_DIRECTIONS FOR THIS TASK_. Take the line that contains "countyflatroofing.co.uk" and each line after it to the end of the data below, and set them down exactly, omitting pictures.

_GIVEN INFORMATION_.
┏━━
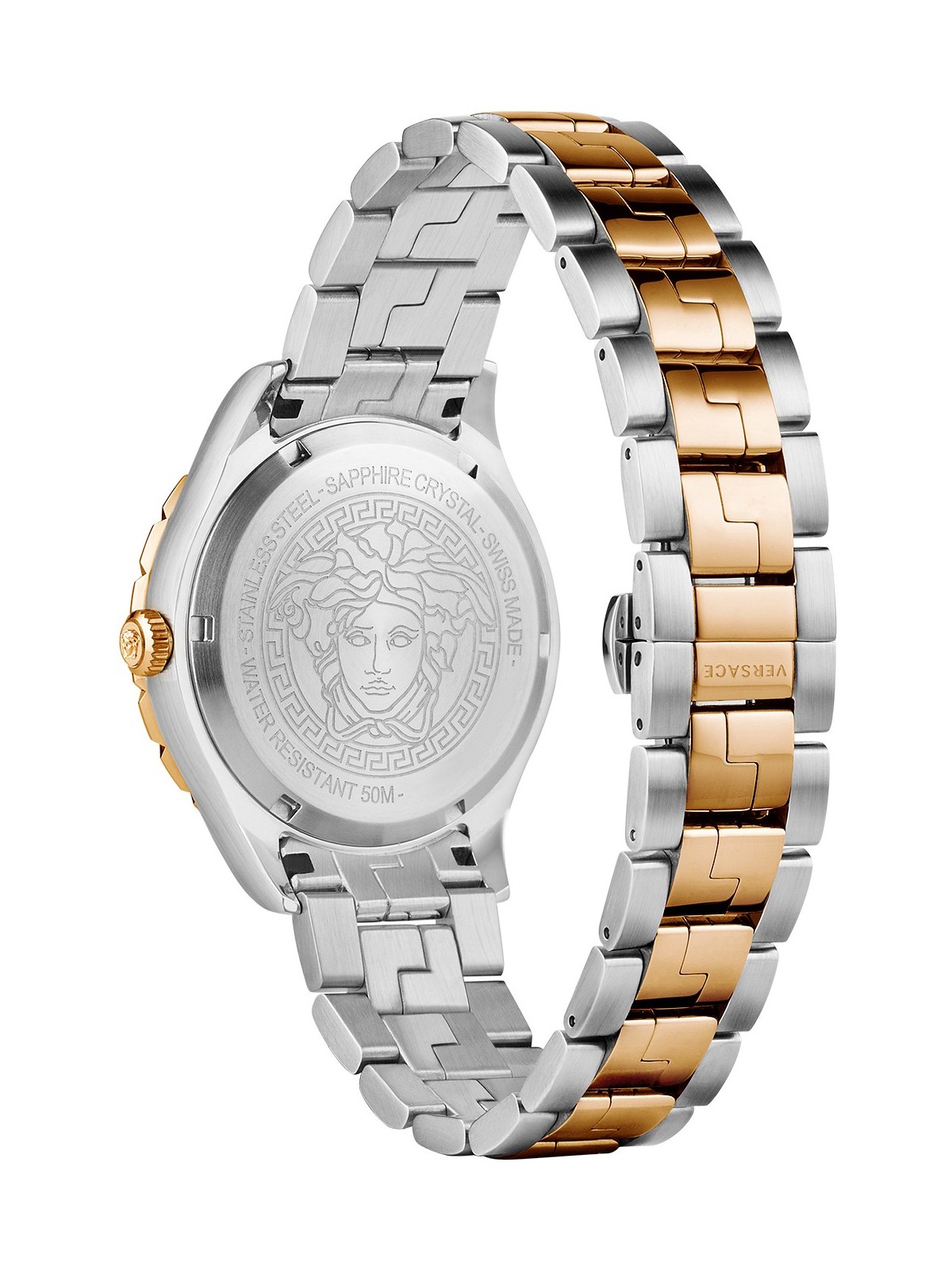 orologio uomo Versace V11050016 Hellenyium Mens Watch 42mm 5ATM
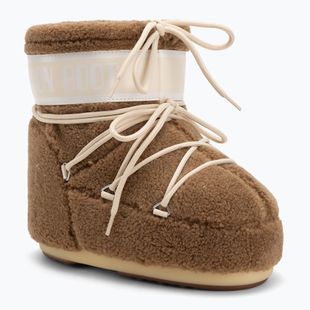 Dámske snehové topánky Moon Boot Icon Low Fleece camel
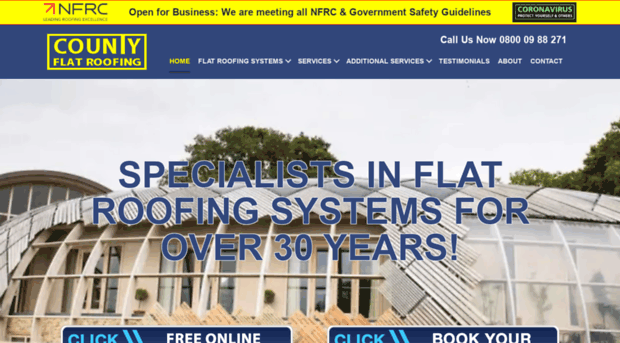 countyflatroofing.co.uk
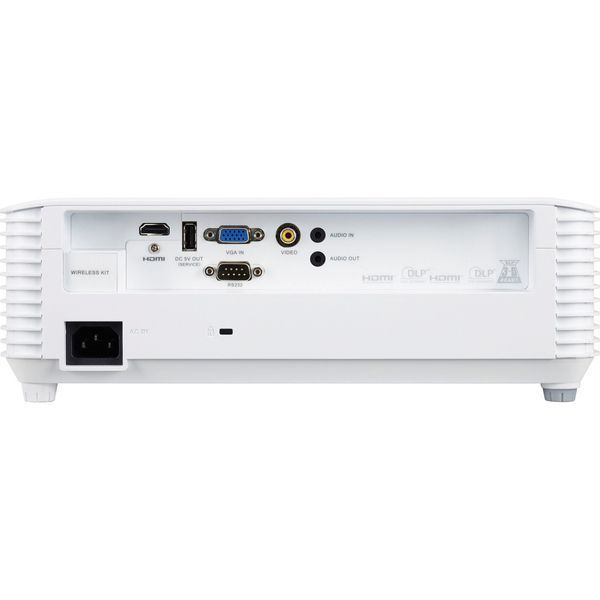 Проєктор домашнього кінотеатру Acer H5386BDi HD, 5000 lm, 1.54-1.72, WiFi (MR.JSE11.001) 371024 фото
┗━━
_SOLVED EXERCISE_.
 countyflatroofing.co.uk
 Проєктор домашнього кінотеатру Acer H5386BDi HD, 5000 lm, 1.54-1.72, WiFi (MR.JSE11.001) 371024 фото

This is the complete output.